Ce faisant, nous conservons, et souhaitons enrichir le cadre dynamiciste des travaux évoqués dans la section précédente, en reprenant – pour le moment sous la forme d’une évocation, et non d’une application – les concepts mathématiques d’instabilité, de stabilisation et d’attracteurs complexes, en espérant qu’il sera possible d’aller au-delà de la théorie des Catastrophes élémentaires, qui a jusqu’ici directement inspiré les modèles dynamiques en sémantique. D’où les esquisses de caractérisation, évidemment continuistes dans leur principe, que nous avons proposées pour les divers régimes sémantiques : dynamiques chaotiques et/ou structurellement instables pour les motifs  ; structurations en Gestalts par stabilisation dans un champ pour les profilages  ; émergence et continuité identitaire des thèmes par enveloppement et intégration de profils. Une modélisation de type ‘système complexe’ est ainsi suggérée.

On se sépare donc radicalement de tout présupposé immanentiste, qui ferait postuler une couche de signification contrôlant entièrement de l’intérieur son identité, sans être affectée, à son propre niveau, par sa mise en œuvre. Toutefois, nous ne renonçons pas pour autant à décrire, quand cela paraît pertinent, diverses formes d’unification en langue – unifications complexes, non fixistes, non essentialistes, qui pour cette raison ne peuvent être assimilées à des types.
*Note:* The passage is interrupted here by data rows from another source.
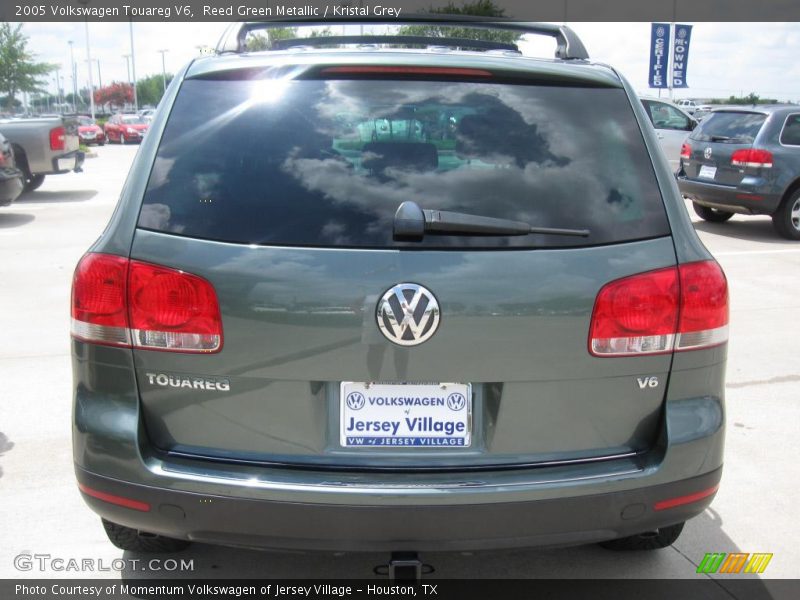 Reed Green Metallic / Kristal Grey 2005 Volkswagen Touareg V6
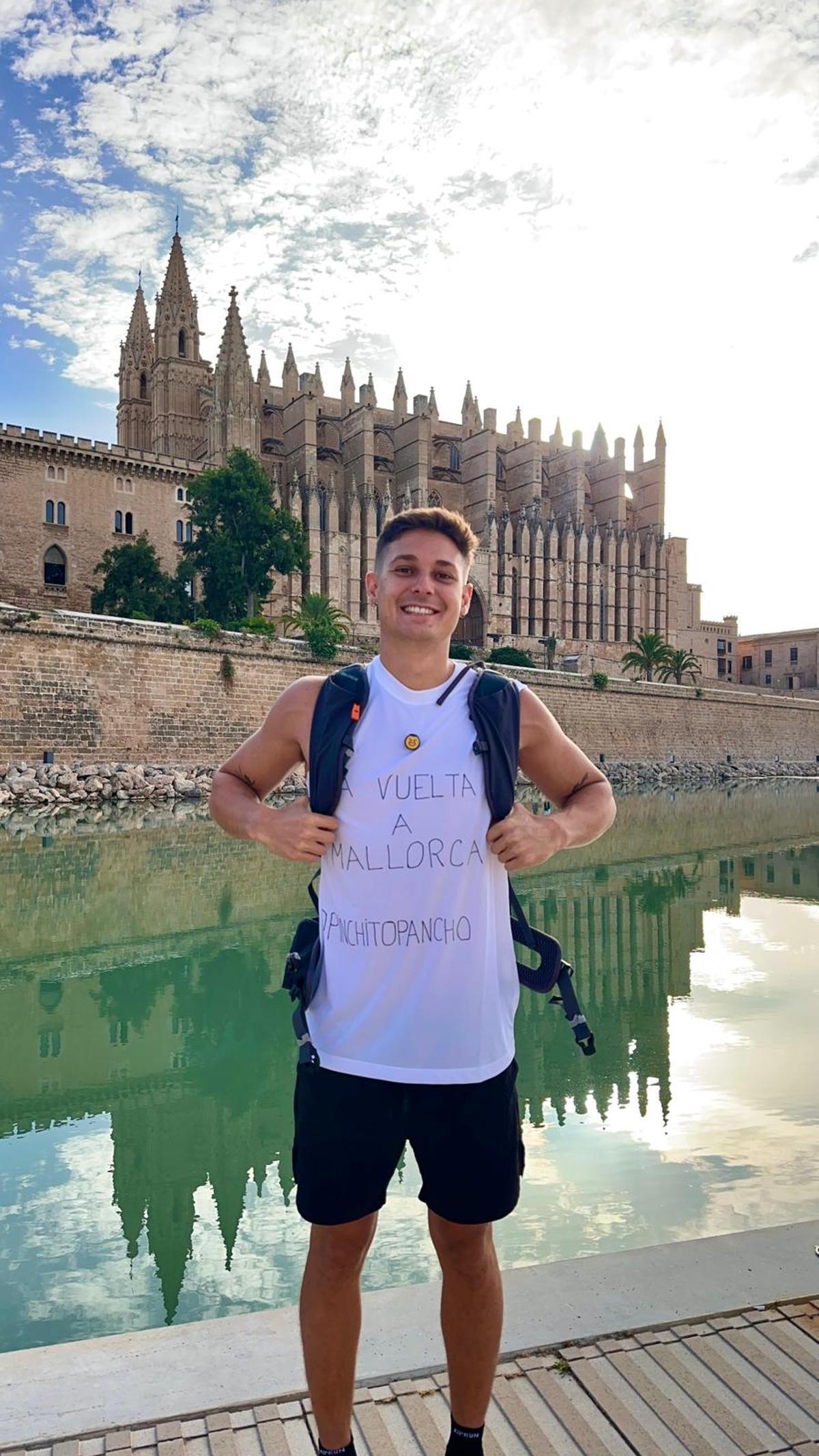 FOTOS | Franco Listorti completa la meitat del repte de fer la volta a Mallorca caminant: «Cada dia costa més aixecar-se»
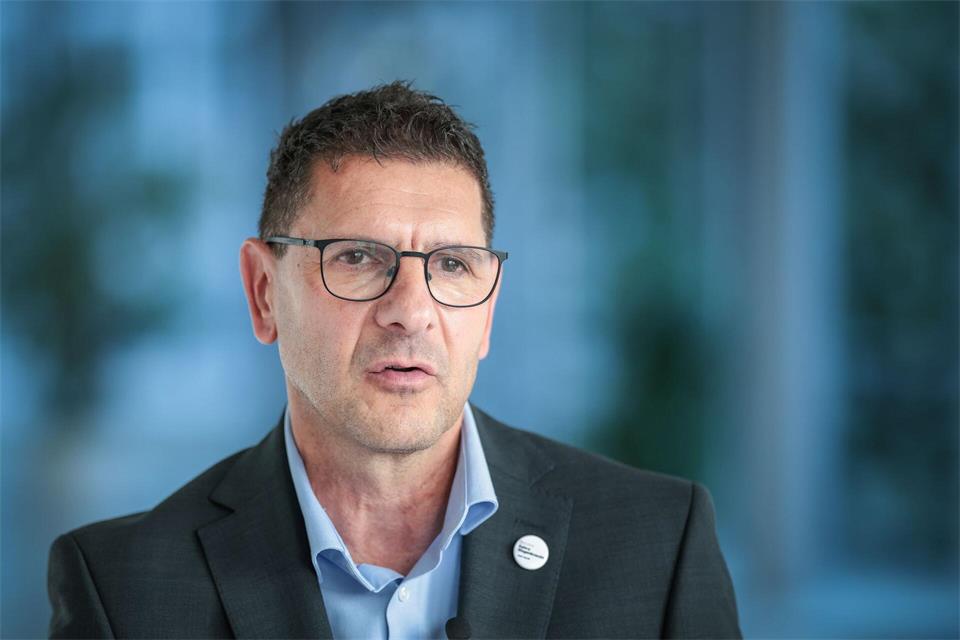 Sachsen-Anhalts BSW-Fraktionschef Thomas Schulze will mit den Linken über Schulsozialarbeit sprechen. (Archivbild)Ronny Hartmann/dpa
Le tableau d’ensemble est celui d’une interaction immédiate et bi-directionnelle entre les ‘phases’ les plus instables et les plus ‘intérieures’ de la langue ou du lexique, et les développements mieux stabilisés et dissociés du niveau thématique, aucune des ‘phases’ co-existantes dans le mouvement de thématisation ne se développant de façon autonome. Sur un plan plus méthodologique, cela implique que chaque problème linguistique se redistribue sur les différentes phases de cette dynamique, et que chaque ‘unité’ se comprenne dans sa participation multiple à ces diverses phases [43].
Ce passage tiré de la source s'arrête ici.